We have a standard interface for #2, which is called UEFI. But for #1, it's always been sort of a mysterious black box. It necessarily has to be different for every chipset/every motherboard. Manufacturers never really saw much reason to open source it. The major community-driven open source project at doing #1 is called "coreboot". Due to the fact that it requires a new implementation for every chipset/motherboard and they are generally not documented (and may require some reverse-engineering of the hardware), coreboot has very very limited support.
So what AMD is open sourcing here is a collection of 3 C libraries which they will be using in all of their firmware, going forward. These libraries are not chipset/motherboard-specific (you still need custom code for each motherboard) and do not implement UEFI (you would still need to implement UEFI/bootloader on top of it), but they're helper functions that do a lot of what's needed to implement firmware. I just took a cursory look through the source code, but I saw a lot of code in there for detecting RAM DIMMs (how much RAM, what kind of RAM, etc.), which is useful code.
The fact that AMD is going to use this in their own firmware, and also make it available for coreboot under an MIT licence, means that coreboot may* have a much easier time in the future supporting AMD motherboards.
* we will see
But wouldn't opening up such an important (from what I understand) part of a computer to everyone mean that malicious actors have a much easier time doing malicious stuff? I understand (and support) that enthusiasts will have many more options when presented with the actual code to a program. Nonetheless, I can't help but feel like if you give everyone a tour and show them how their super secure door locks work, including how to break them open, then those that want to break in, will be very happy about it and the security system quickly becomes useless.
Please feel free to correct me on wherever I am wrong. I tried reading through the article, but I only understand a fraction of it.
I'm only have a vauge understanding but I'll give it a shot.
x86 is a CPU architecture. ARM, PowerPC, RISC are other types A CPU architecture is like a standardized set of instructions.
Here's a horrible attempt an analogy based on buildings. Let's say there's only 2 types of buildings on earth:
Type A buildings are very tall and use an elevator to go up many floors.

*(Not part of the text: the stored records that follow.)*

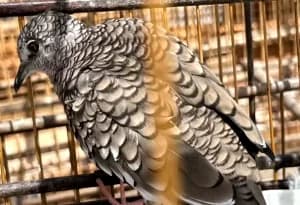 Vinte e quatro aves silvestres criadas ilegalmente são apreendidas na Zona Norte de Natal
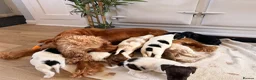 Cockapoo dogs for sale: Beautiful cockerpoo puppies  - Advert 10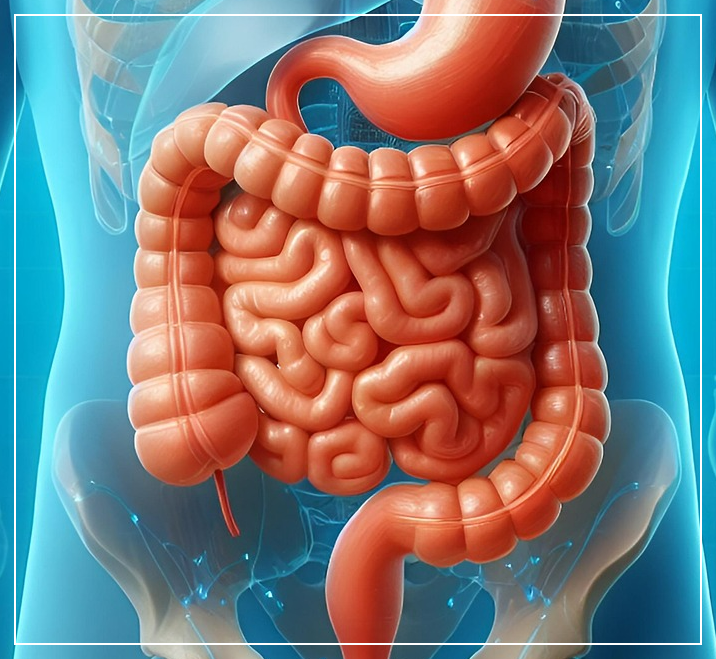 면역력은 장에서 시작됩니다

Each floor has just one room.
Type B buildings have a very very long hallway branching off into many rooms but just one floor.
If you wanted to tell someone how to retrieve an item from a Type A building you'd say something like "Take the elevator to floor 3. Grab box 01. Take the elevator to floor 4 and leave it there."
Obviously this wouldn't work in a type B building since there is no elevator. You'd tell the person to walk down the hallway until they reached room 03, grab box 01 and walk to room 04 and drop it off.
That's a very very very very simplified version of how different CPU architectures work. They each have their own "instruction set" based on how they're set up. The x86 architecture is used in most laptop and desktop computers. The new Apple Macs use ARM, as do most smartphones.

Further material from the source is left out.